From the entries below, retype only the lines from the one with "A vintage metal" through the one with "Apollo 4 launches", exactly as written.

═════ Data supplied ═════

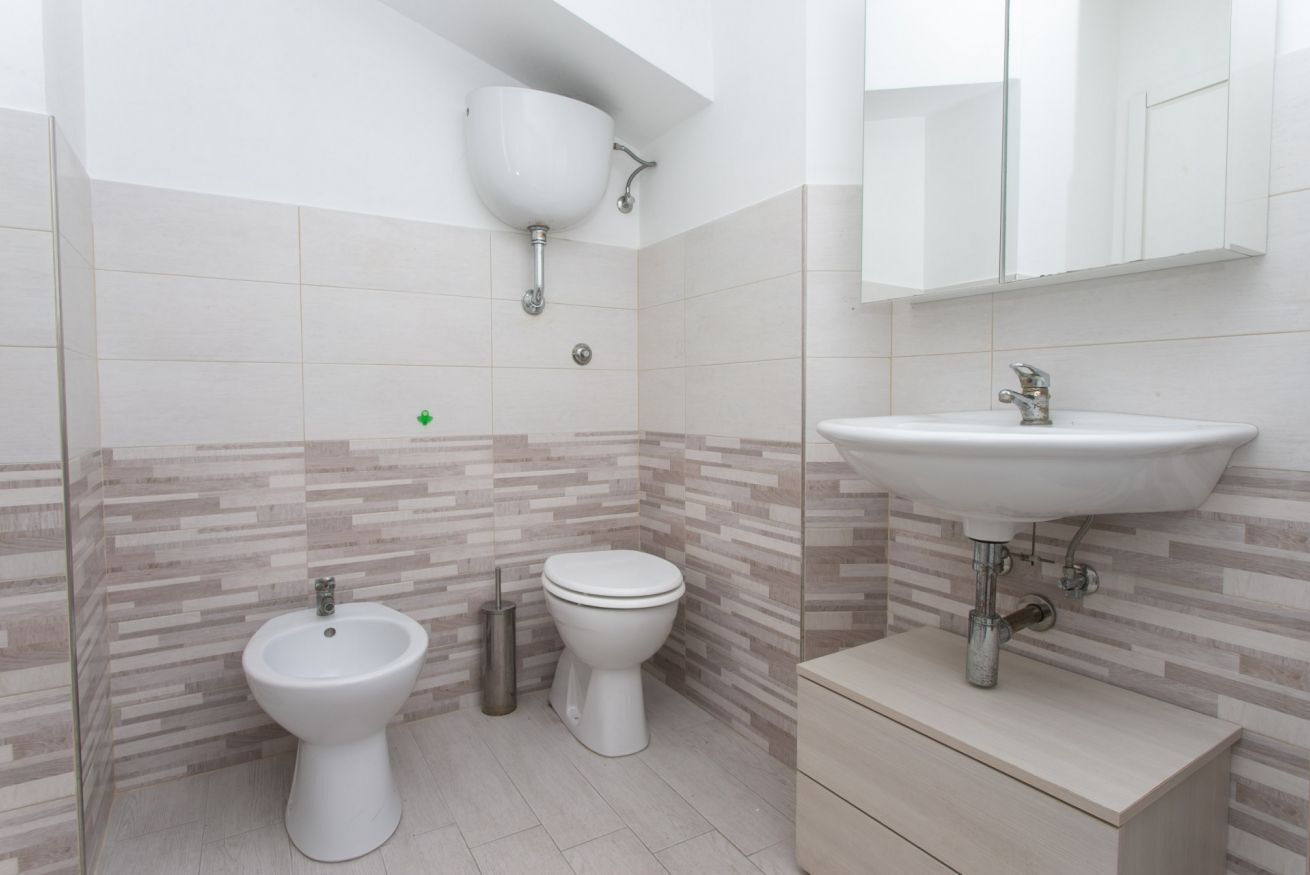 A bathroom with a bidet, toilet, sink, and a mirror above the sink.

═════
═════ Data supplied ═════

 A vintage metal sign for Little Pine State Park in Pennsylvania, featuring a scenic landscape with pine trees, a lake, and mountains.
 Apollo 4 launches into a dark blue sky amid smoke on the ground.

═════
═════ Data supplied ═════

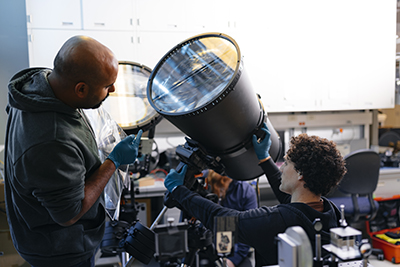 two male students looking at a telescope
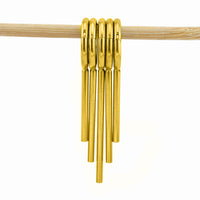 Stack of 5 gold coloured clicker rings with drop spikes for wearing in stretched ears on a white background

═════

- [Written answer]:
 A vintage metal sign for Little Pine State Park in Pennsylvania, featuring a scenic landscape with pine trees, a lake, and mountains.
 Apollo 4 launches into a dark blue sky amid smoke on the ground.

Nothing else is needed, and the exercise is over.